One of the new government’s first moves was to appoint Riccardo Fraccaro as perhaps the world’s first minister of direct democracy. As reported in the Washington Post, Fraccaro said, “Citizens must be granted the same possibility to actively intervene in the process of managing and administrating public goods as normally carried out by their elected representatives.” In a partyocracy, he added, elected officials hoard decision-making at the expense of the “public will.” 

Through referenda, public petitions and initiatives, Fraccaro sees direct democracy guiding policymaking alongside representative government “to give real, authentic sovereignty to the citizens.” The Five-Star Movement exists on an online platform called Rousseau, an Enlightenment-era philosopher who influenced the French Revolution and believed in citizen involvement in politics as a wedge against tyranny.

The Five-Star Movement appears to be more than a protest of governmental process, as reflected by its coalition partner, the right-wing League party, best known for its anti-immigration positions. The Five-Star Movement leader is Luigi Di Maio, who is 32 years old and the son of a member of the neo-fascist Italian Social Movement.
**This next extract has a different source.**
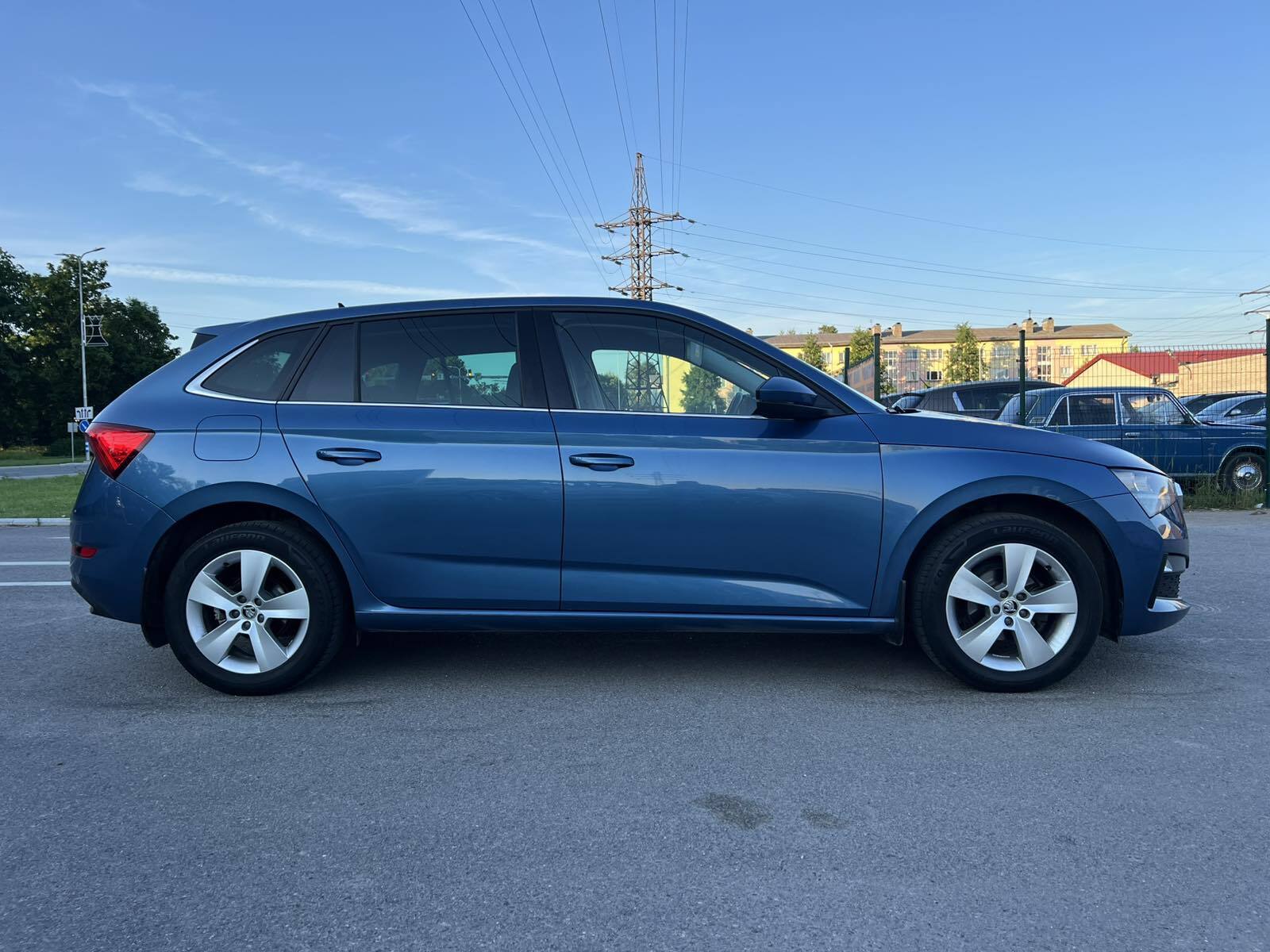 Škoda Scala 2020, photo 5/10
The early months of the coalition’s time in power have unsettled more traditional political players with calls for both a tax cut and universal basic income for Italians, despite Italy’s long-term debt that stands at 130 percent of its GDP. However, the direct democracy experiment has spurred the European Union to reduce the signature threshold for citizen-proposed legislation. The next step would be to institutionalize a role for citizen engagement, possibly a Citizens’ Assembly with a role in reviewing what is passed by the European Parliament.

Nathan Gardels, editor of The World Post, notes other direct democracy experiments around the world. One is crowdlaw, an intelligence gathering platform intended to help government officials engage with citizens in use in diverse countries such as Iceland and India.

Taiwan has employed an online platform to form citizen working groups that define public problems and identify possible solutions. “In more than 80 percent of cases, publicly defined issues have led to government action. So far, 26 national issues, including the regulation of Uber, telemedicine and online education, have been discussed with more than 200,000 participants.”

Steps toward direct democracy would undoubtedly alarm another Enlightenment-era political thinker, James Madison. He believed populist passions could overwhelm the cool restraint of deliberative reason. “In all very numerous assemblies, of whatever characters composed, passion never fails to wrest the scepter from reason,” Madison wrote in one of the Federalist Papers. “A pure democracy, by which I mean a society consisting of a small number of citizens, who assemble and administer the government in person, can admit of no cure for the mischiefs of faction.”

Madison and other Founding Fathers lived in a time before telecommunications, jet airplanes and the internet, which have altered perceptions about representative government and direct democracy. The hot-plate Kavanaugh confirmation process, whether you view it as a circus or a sham, is likely to kindle more thoughts about the role of citizens in a government, of which George Washington once described the “senatorial saucer” to cool the passions of the directly elected members of the House.